§ PROBLEM REQUIREMENTS: Repeat the entries below word for word, though any picture in them should be dropped.

§ THE DATA:
┏━━

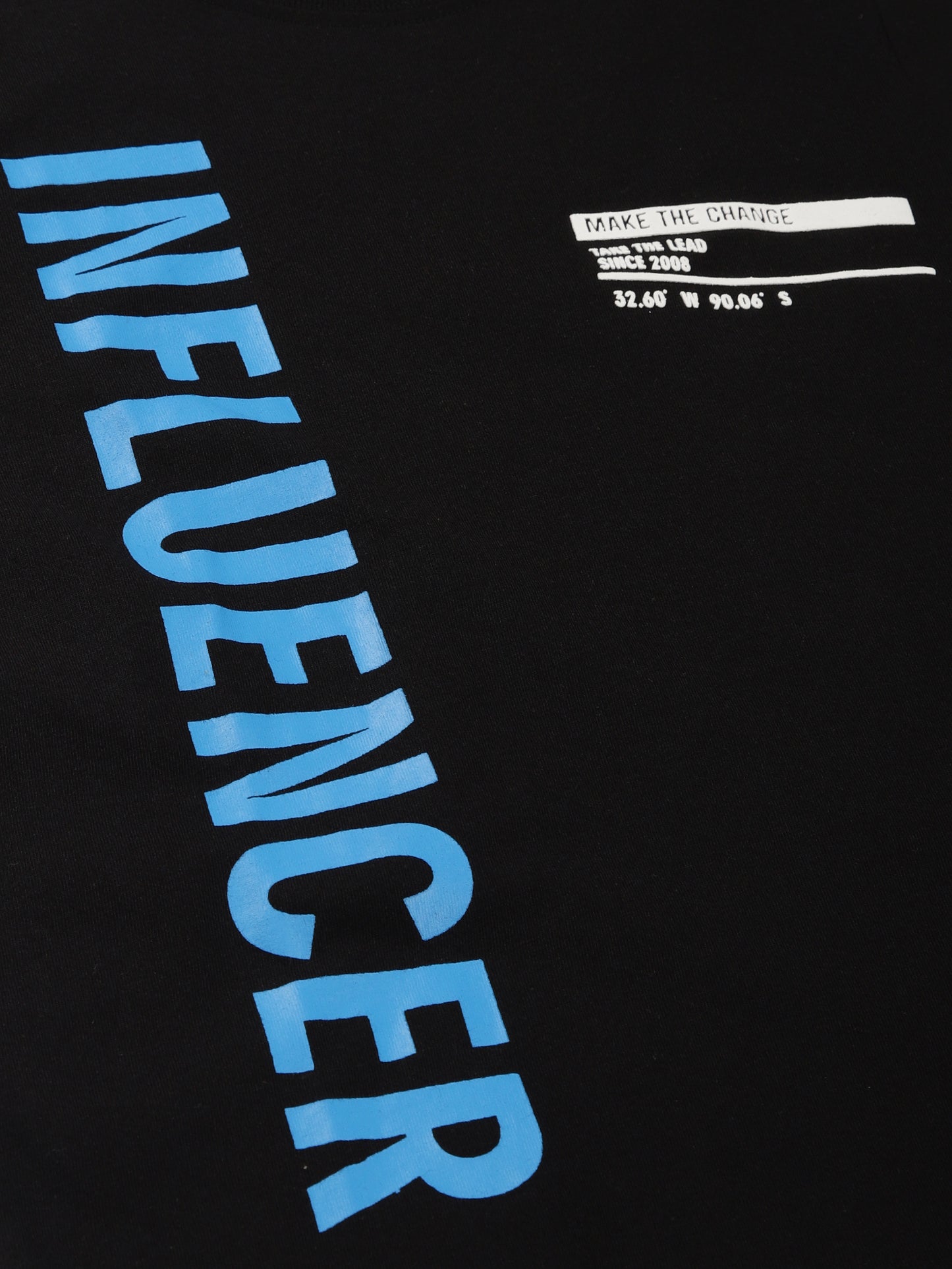 Plum Tree Boys Half Sleeve Influencer Print T-shirt & Shorts ( Sets)-BLACK BLACK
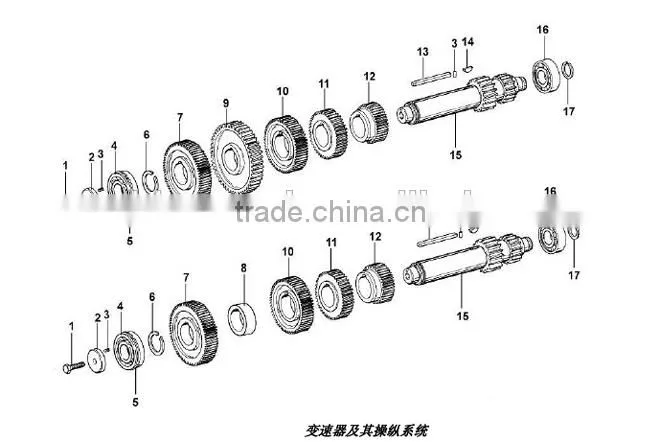 Wholesale transmission gear for fast 9JS135, motor gear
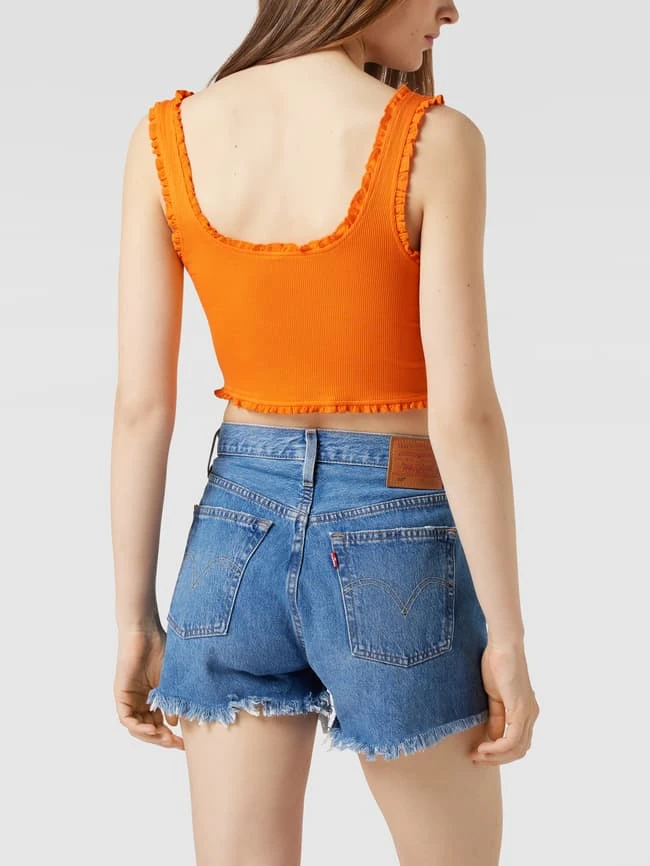 Only Crop Top Mit Rüschen - Orange 5 Only Crop Top Mit Rüschen - Orange – Bild 5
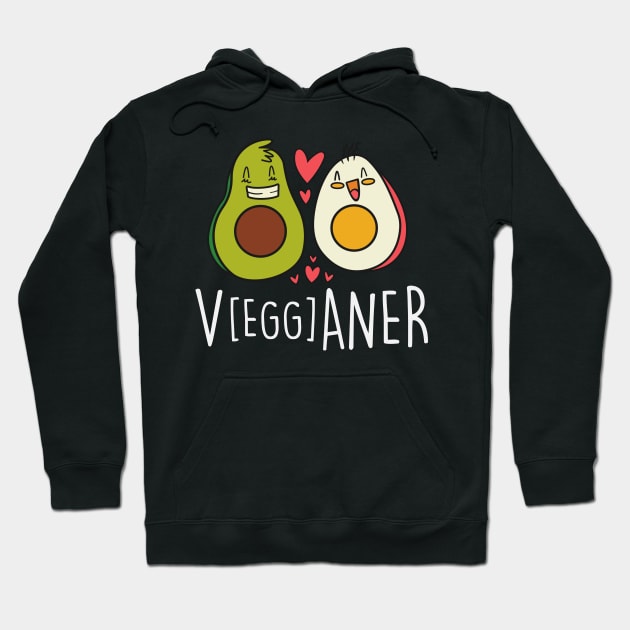 Vegganer Vegans Hoodie by nmcreations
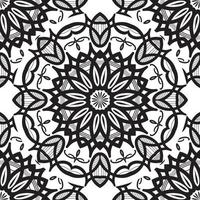 patrones ornamentales de mandala con diseño único, mandala para henna, mehndi, tatuaje, decoración. ornamento decorativo en estilo étnico oriental. página de libro para colorear vector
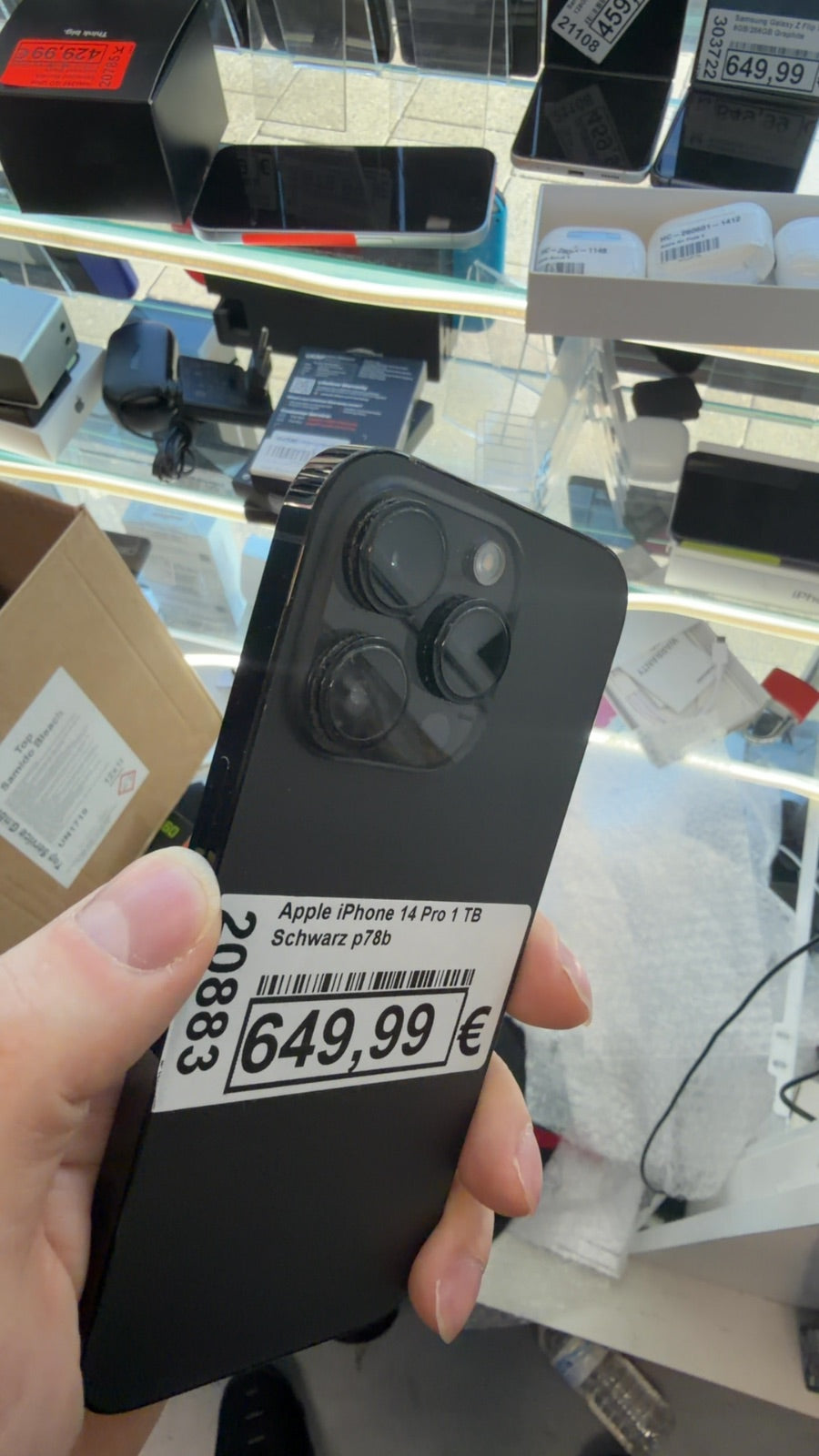 Apple iPhone 14 Pro 1 TB Schwarz  p78b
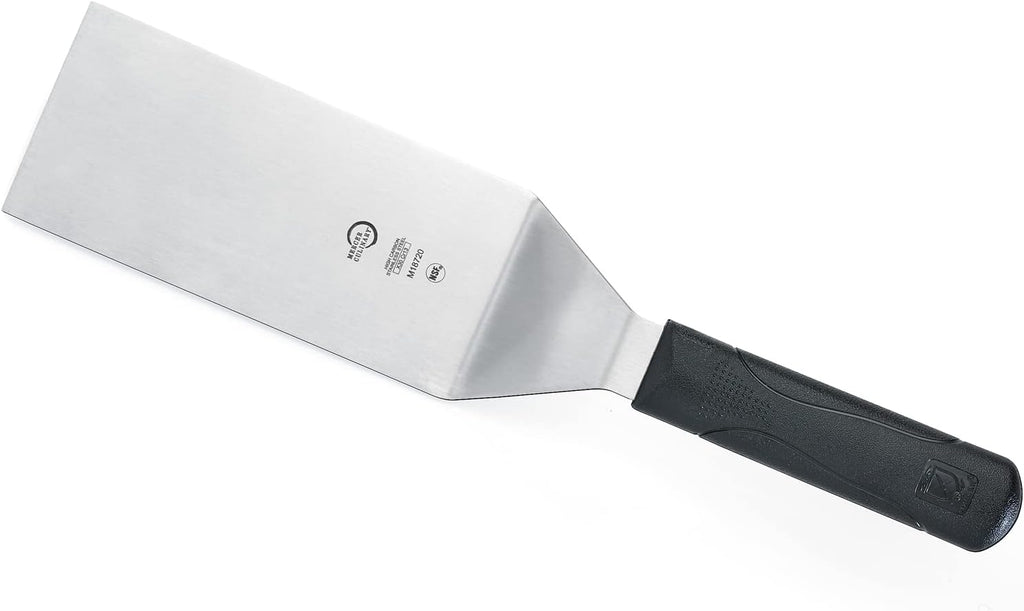 Mercer Culinary Millennia Turner/Spatula, 6 Inch x 3 Inch Blade, Black Handle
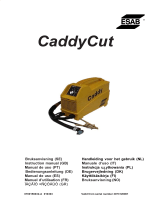 ESAB CaddyCut Manual de usuario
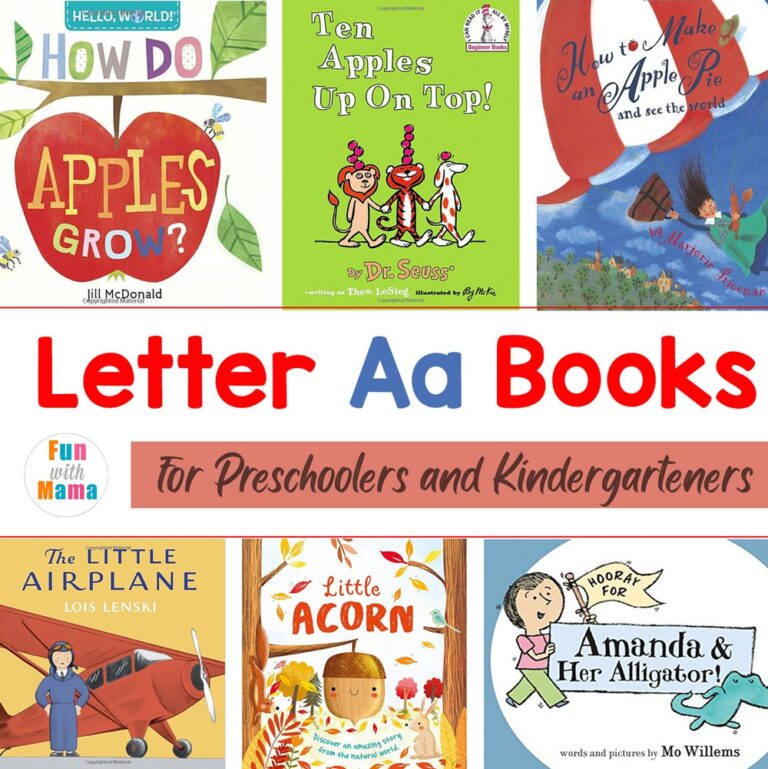 Letter A Books For Preschool - Fun with Mama
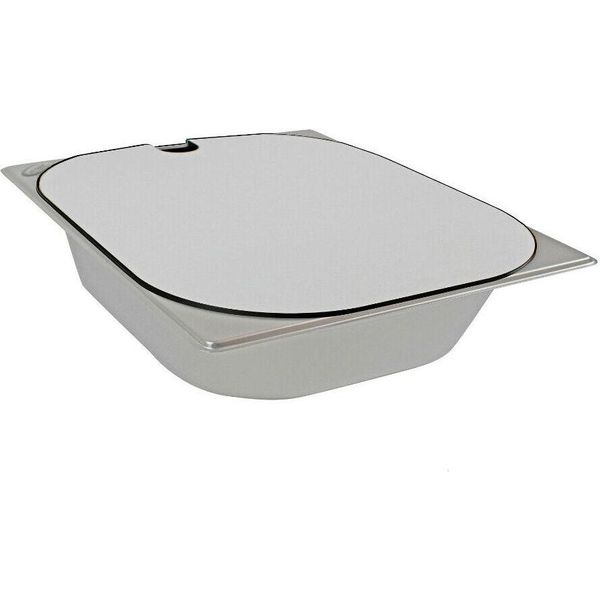 Lavello In Acciaio Inox Copri Lavello Bianco Campeggio 325X265X65 Mm Camper Womo-image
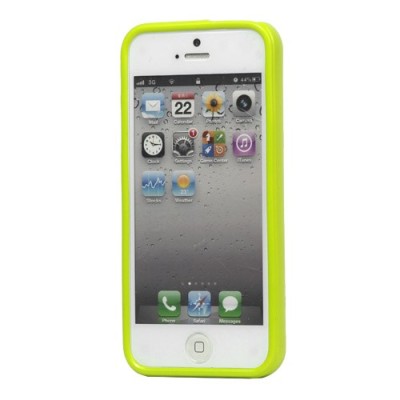 „Mercury“ Color kieto silikono (TPU) žalias Apple iPhone SE (5, 5s) dėklas (dėkliukas) / Priedai.lt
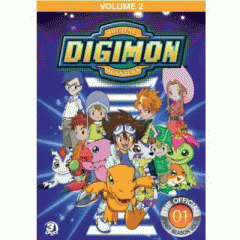 Digimon digital monsters Season 1, Volume 2.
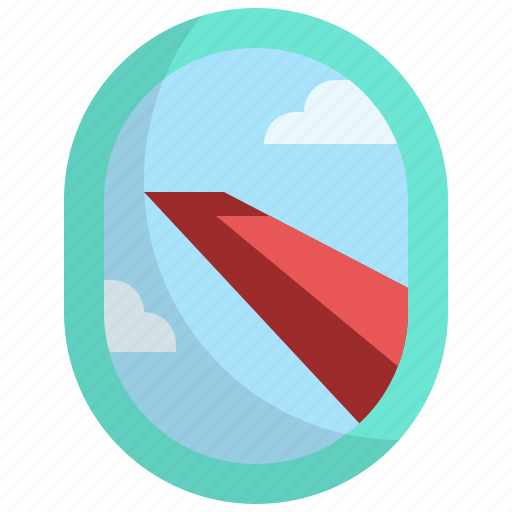 Airplane, flight, transportation, travel, window, wing icon - Download on Iconfinder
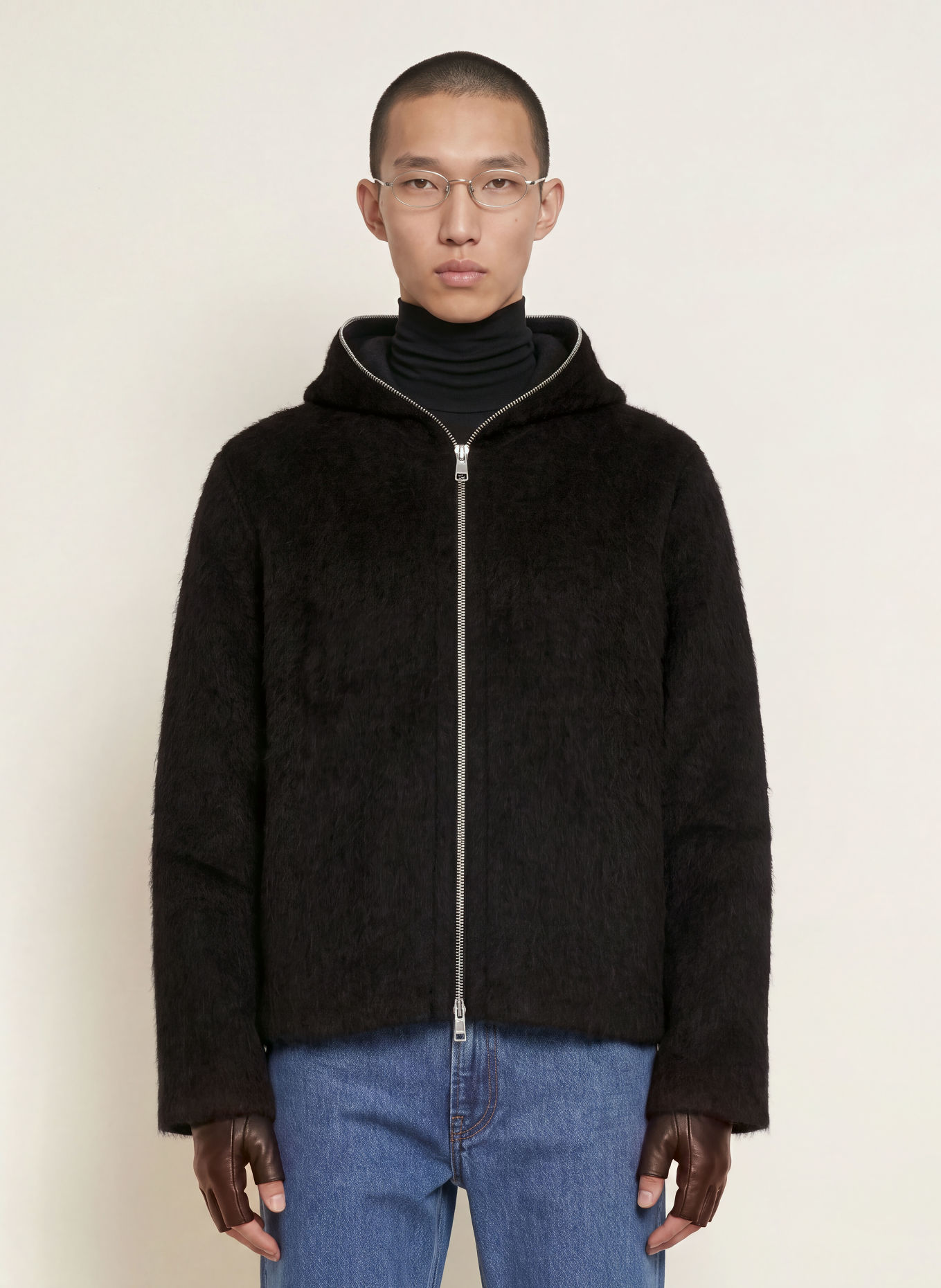 OUR LEGACY Kunstfell-Jacke: SCHWARZ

┗━━

§ SOLUTION:
 Plum Tree Boys Half Sleeve Influencer Print T-shirt & Shorts ( Sets)-BLACK BLACK
 Wholesale transmission gear for fast 9JS135, motor gear
 Only Crop Top Mit Rüschen - Orange 5 Only Crop Top Mit Rüschen - Orange – Bild 5
 Vegganer Vegans Hoodie by nmcreations
 patrones ornamentales de mandala con diseño único, mandala para henna, mehndi, tatuaje, decoración. ornamento decorativo en estilo étnico oriental. página de libro para colorear vector
 Apple iPhone 14 Pro 1 TB Schwarz  p78b
 Mercer Culinary Millennia Turner/Spatula, 6 Inch x 3 Inch Blade, Black Handle
 ESAB CaddyCut Manual de usuario
 Letter A Books For Preschool - Fun with Mama
 Lavello In Acciaio Inox Copri Lavello Bianco Campeggio 325X265X65 Mm Camper Womo-image
 „Mercury“ Color kieto silikono (TPU) žalias Apple iPhone SE (5, 5s) dėklas (dėkliukas) / Priedai.lt
 Digimon digital monsters Season 1, Volume 2.
 Airplane, flight, transportation, travel, window, wing icon - Download on Iconfinder
 OUR LEGACY Kunstfell-Jacke: SCHWARZ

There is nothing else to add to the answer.